The initiatives of various technology companies indicate that reasoning capabilities are becoming the new focus of industry development, and how to organically combine them with general-purpose large language models may be the core direction of AI competition in the next stage. OpenAI began to use the same strategy as the GPT stage in this technical direction - rapid iteration, even the futures were demonstrated first, and then AGI and Scaling law were the most important concepts for the thinking, development and promotion of the entire industry. Hold it firmly in your own hands and be defined by it.
After o3 was released, Jason Wei, a star researcher at OpenAI, said that more importantly, it only took three months from o1 to o3, which proved how fast progress can be made under the new paradigm.
It is much faster than the pre-trained paradigm that is updated every one or two years.

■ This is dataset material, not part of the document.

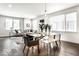 Sunlit condo living and dining area with hardwood floors, contemporary furniture, and large windows at 622 E 10Th St # 212, Indianapolis, IN 46202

With OpenAI 12-day technical release summaryDay 1: o1 official version and ChatGPT Pro
O1 official release version, performance is improved by 34%, thinking speed is increased by 50%, and multi-modal input support is added; ChatGPT Pro is launched, subscribers can have unlimited use of o1 Pro mode and advanced voice functions for a monthly fee of US$200.
Day 2: Enhanced fine-tuning research plan
The enhanced fine-tuning plan is extended to research institutions and enterprises to help users create domain expert models with a small amount of data.
Day 3: Sora official version
The Wensheng video tool Sora is launched, which can create videos with a maximum length of 20 seconds and a resolution of 1080p. It supports Wensheng videos and various editing. Open to Plus and Pro users.
Day 4: Canvas
Released the Canvas collaboration interface, which supports Python code running and parallel editing, improving the writing and programming experience.
Day 5: ChatGPT integrates with Apple’s intelligent system
Integrate with Apple’s intelligent system to enhance Siri’s task processing capabilities, support advanced functions such as document summary and translation, and adapt to the latest iOS, iPadOS and macOS systems.
Day 6: Advanced voice adds video function and Santa Claus mode
Advanced voice mode adds video chat and Santa Claus voice to enhance interactive fun and user experience.
Day 7: Projects function
The Projects function is launched, allowing users to organize folders, upload content, set instructions, and trace past conversations, bringing greater convenience to individual and team collaboration. Answer accurately.
Day 8: All search functions are free, and new map functions are added
ChatGPT search is free and open to all users, supporting real-time information query and map interaction.
Day 9: Developer Tools and o1 API
OpenAI o1 API is released, optimizing real-time API and fine-tuning tools to provide developers with more flexible and efficient model building capabilities.
Day 10: 1-800-CHATGPT
Launched voice call service. Users can dial "1-800-CHATGPT" over the phone to have a real-time voice conversation with AI.
Day 11: Application integration function
Enhance the integration function of ChatGPT and some applications to achieve direct interaction and control, and improve cross-platform work efficiency and productivity.
Day 12: Next-generation inference models o3 and o3 mini
The strongest inference model so far, o3, and its efficient version, o3 mini, are released. Among them, o3 surpassed the human average level for the first time in the Arc AGI test, and o3 mini achieved performance close to the top model at a low cost through the innovative "adaptive thinking time" function.